= DATA =
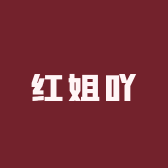红姐吖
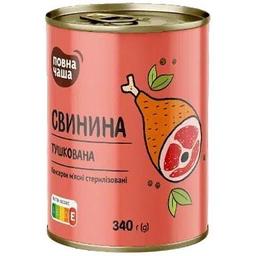 М'ясо свинини Повна Чаша тушковане, 340 г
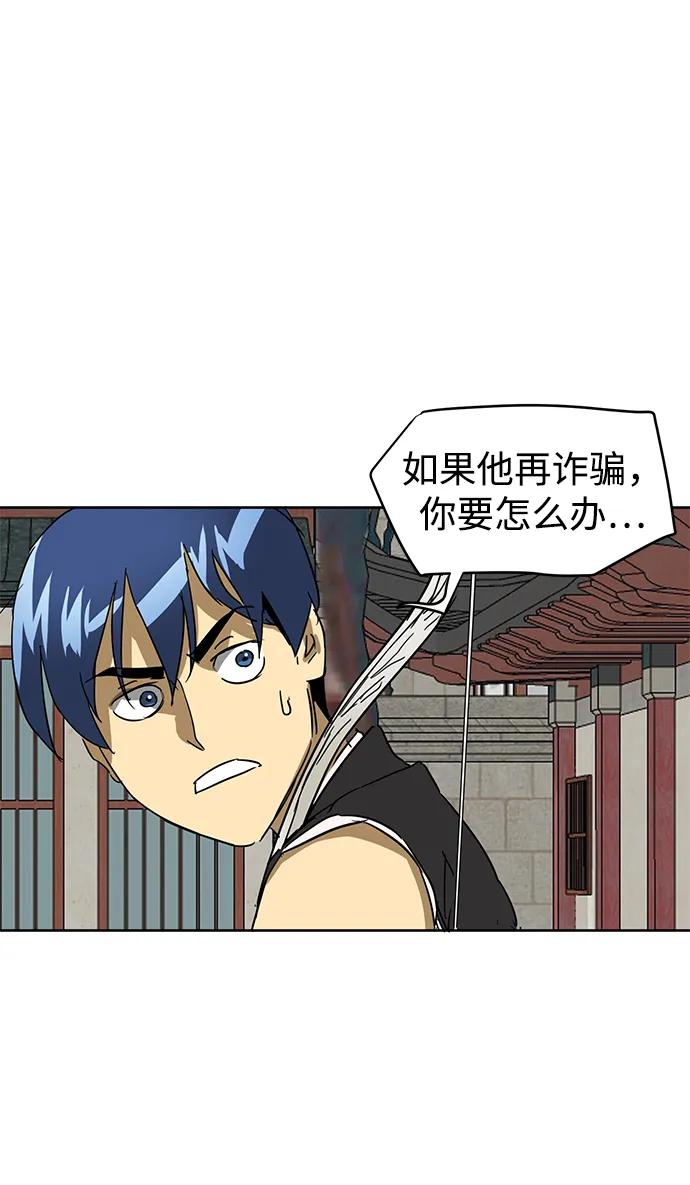 《无限升级in武林》[第72话] 鬼弓 第83页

= WORK ITEM =
Copy word for word every line from the one holding "М'ясо свинини Повна Чаша тушковане, 340 г" to the end of the listing, both ends included, but do not copy any pictures.

= TASK SOLUTION =
 М'ясо свинини Повна Чаша тушковане, 340 г
 《无限升级in武林》[第72话] 鬼弓 第83页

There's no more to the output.